I often discuss the learning path to become a platform engineer. At conferences after talks, or book signings, people tell me where they are in their career and ask what’s next and how to become a professional platform engineer?
A “perfect” platform engineer needs to combine 3 qualities:
40% on being an expert on the tools and technologies that are playing together to become a platform
40% on managing developers and operations demands, understanding their needs and applying that feedback into your platform product
20% on whatever is relevant to your organization
The last 20% can sometimes be even more important: Consider the situation where you work at a financial institute. You might focus on a heavily isolated and secured environment. As a contrast, you are working for a game company, latency and availability are now your key drivers. Any of those aspects will influence drastically how you gonna build platforms.
Tools & Tech
I think a good guide to the tools and technologies that you should master is the platformengineering.org landscape. However, it provides tons of options that you might not need. So I will give you a very opinionated view on how I would do it, if I would need to start by 0 again.

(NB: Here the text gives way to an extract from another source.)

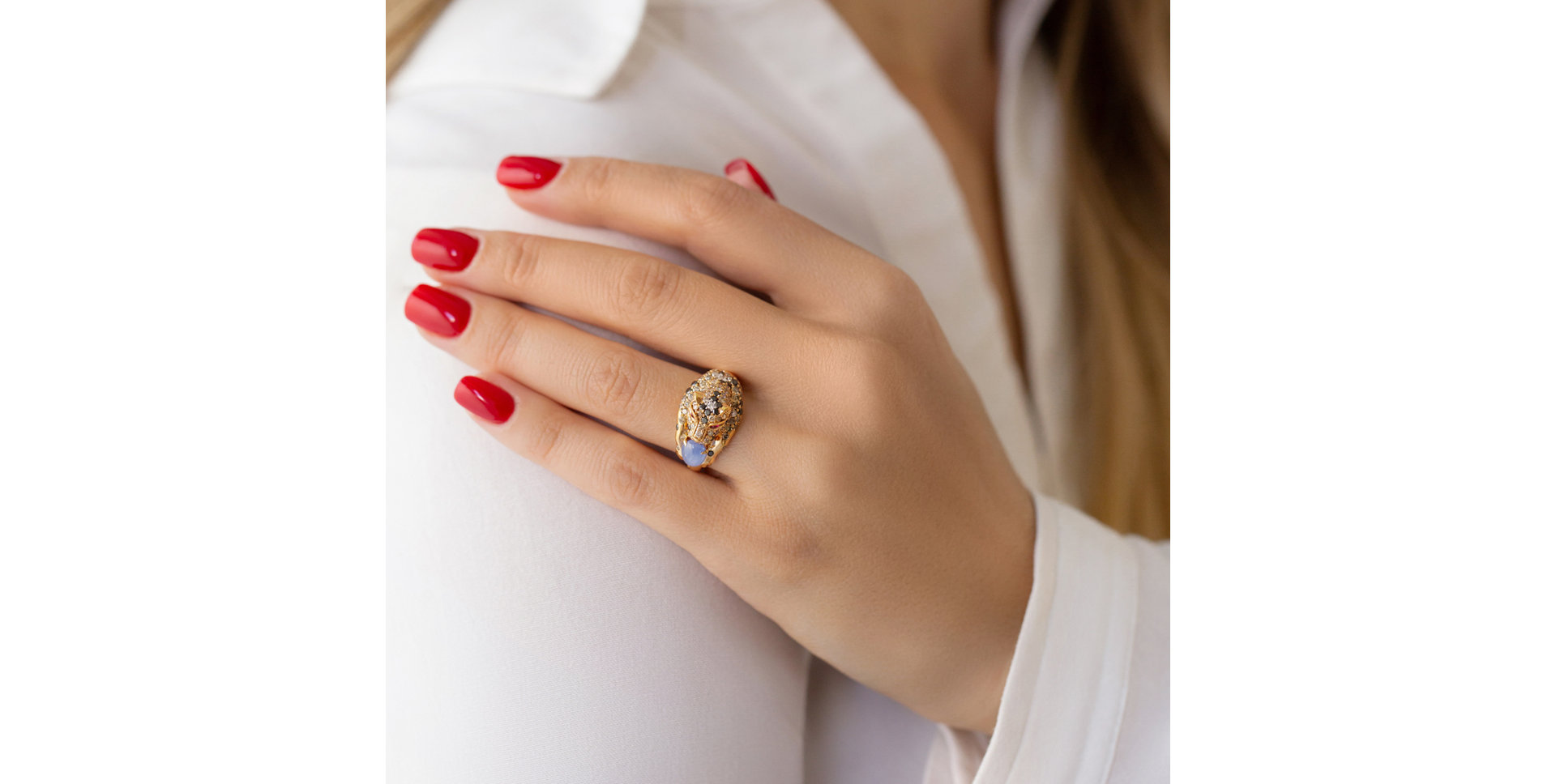 Prsten s bílými, hnědými a černými diamanty, safíry a rubíny Sapphire Cougar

The following order of the segments are also the order I would learn. Recommended certifications are just like checkmarks and might help for your future employment.
Resource Plane
I would start with a cloud provider, ideally AWS or Azure, yet I would go with AWS. The benefit is that you can get started easily, there are plenty of free materials (e.g. FreeCodeCamp) around it, and once the cloud concept is understood, you can apply it to any other provider too.
For a platform it will become very important to have a deep and fundamental understanding of networking, storage, and computing services, especially for Kubernetes.
In addition, you should spend a good amount of time to learn and understanding container technology. You will meet this everywhere: in the resource plane, CI/CD, it’s important to understand for security and observability.
But what about VMs and Bare-metal?
Honestly, those are harder to do and to learn. Generally, I’m not a huge fan of VMs; to me, they don’t make sense to have. There is at least one critical CVE for hypervisors every year, and I believe thanks to closed source (ya ya except OpenStack…) there are many 0-days we don’t even know. Yet, there are many cases where containers are also not the right thing to do.
If you have the budget and time to go down to metal, you should do, it is worth it, but if not, don’t hunt for it.
So, somewhere between the resource plane and the integration & delivery plane, we also have to place Infrastructure as Code (IaC). Technically, it lives in the Integration & Delivery Plane, practically it handles the resources…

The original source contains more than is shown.